November 8, 2023 by Coby Zucker - A&S News

A&S alum Meera Mehta is at the forefront of research around creating sustainable alternatives to today’s chemical catalysis, the process crucial to almost all the world’s manufactured goods.

The best catalysts are precious metals like palladium and platinum, which are not only expensive, but quickly depleting. Mining them can be environmentally damaging and their acquisition is geopolitically fraught, with much of the world’s supply located in Russia and China.

“My group is interested in understanding the fundamental chemistry of elements like phosphorus, boron, aluminum and silicon that are far more evenly distributed across the earth — and far more abundant — to get them to do catalysis that we rely on these metals for,” says Mehta, who earned her PhD in chemistry in 2017.

For the past three years, Mehta has been a lecturer at the University of Manchester. In 2024, she starts a new position as an associate professor at the University of Oxford, where she completed a postdoc in 2019.

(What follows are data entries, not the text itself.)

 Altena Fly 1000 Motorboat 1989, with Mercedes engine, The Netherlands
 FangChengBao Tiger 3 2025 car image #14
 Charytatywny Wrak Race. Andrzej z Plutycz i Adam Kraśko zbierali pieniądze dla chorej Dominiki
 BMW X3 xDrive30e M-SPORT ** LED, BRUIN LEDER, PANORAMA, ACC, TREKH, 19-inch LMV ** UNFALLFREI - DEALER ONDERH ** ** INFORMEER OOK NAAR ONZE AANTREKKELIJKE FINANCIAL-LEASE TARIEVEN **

Mehta was also recently awarded a Starting Grant from the European Research Council for 1.5 million euros over five years ($2.2 million). The grant — meant for early career scientists with a track record of success and a proposal that has promise — is one of the most prestigious a researcher can win.

When U of T chemistry professor Doug Stephan heard his former doctoral student had received the grant, he wasn’t surprised.

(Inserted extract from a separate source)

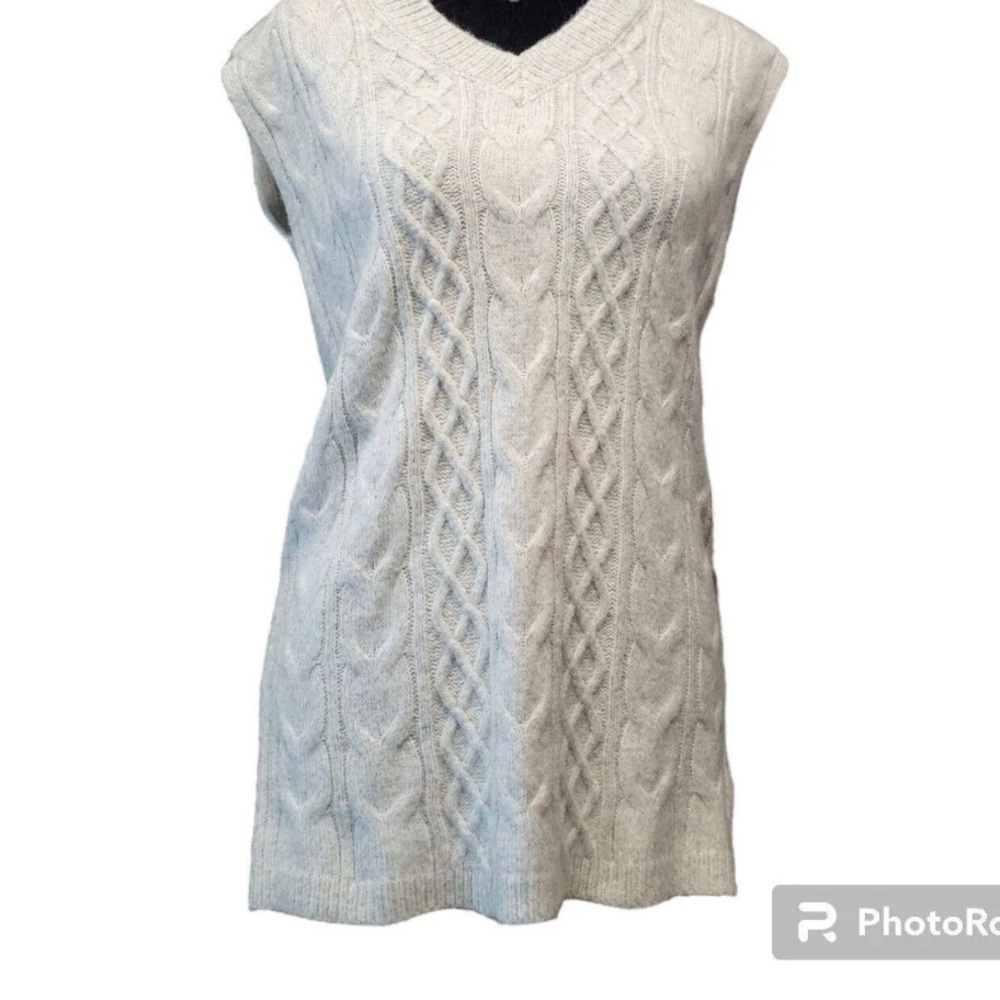 Sincerely Jules,Sweater vest size S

“That’s just another feather in her cap,” Stephan says. “I'm very proud of her. She’s done really well. I expect great things, but she knows that.”

“Doug is the best,” Mehta says. “He's so supportive of everyone who's left his group, not just me. He always has an open-door policy. He is just an exceptional mentor, an exceptional boss and he continues to cheerlead for you after you exit his group.”

Mehta learned the idea to use abundant elements like phosphorus, boron, aluminum and silicon — otherwise known as main group elements — as catalysts from Stephan when she was still a doctoral student. Stephan was a core member of the group that first discovered one could use elements that aren’t “transition metals” as catalysts in important chemical reactions.

“Everyone thought the star of the show was metals,” Mehta says. “Doug opened the door to getting these other elements to do the stuff we really thought only metals were capable of doing.”

Mehta took what she learned from Stephan and combined it with the research her postdoctoral supervisor, Jose Goicoechea, was doing at Oxford into “clusters” — groups of atoms or molecules bound together. Main group elements and transition metals both make for robust clusters, and metal clusters have commonly been used as catalysts. Mehta has carved out her own niche in the field by investigating the potential of main group element clusters as catalysts for synthesis.

“Right now, we're the only research group I'm aware of nationally or internationally that works on developing these clusters as catalysts for organic chemistry,” Mehta says. “It allowed us to break in and find our own space.”

“It's a direction I hadn't thought about, and I think it's a really creative way to do it,” Stephan says.

Mehta’s research has the potential to shake up how the world performs most of our industrial reactions and could also have massive sustainability implications. Mehta and her doctoral students recently showed that their main group catalysts can capture carbon dioxide and turn it into useful feedstocks — organic materials that can be used as fuels — like methanol. When that methanol is burned as fuel, the carbon would be captured again in a renewable loop.

While her team is still far away from reaching a critical level of efficiency, it’s an important proof of concept and a mark of how far Mehta’s research has come. According to Mehta, none of it would have been possible without her time at U of T.

“The reality is U of T is one of the best research facilities I've ever worked in,” she says. “It's just absolutely phenomenal.

“I’ve said this to people before: the only thing that slows you down at U of T is how hard you want to work. It feels like you have all of the access to equipment and resources. You're also surrounded by really bright, ambitious people, which forces you to up your game.”

When Mehta was considering applying for the position at Oxford, one of the first people she went to for advice was her former doctoral supervisor, Stephan. The two stay in close contact, giving Mehta a constant line back to U of T.

“I feel very lucky for my entire education. And in my mentors,” Mehta says. “I've had a lot of really supportive people around.”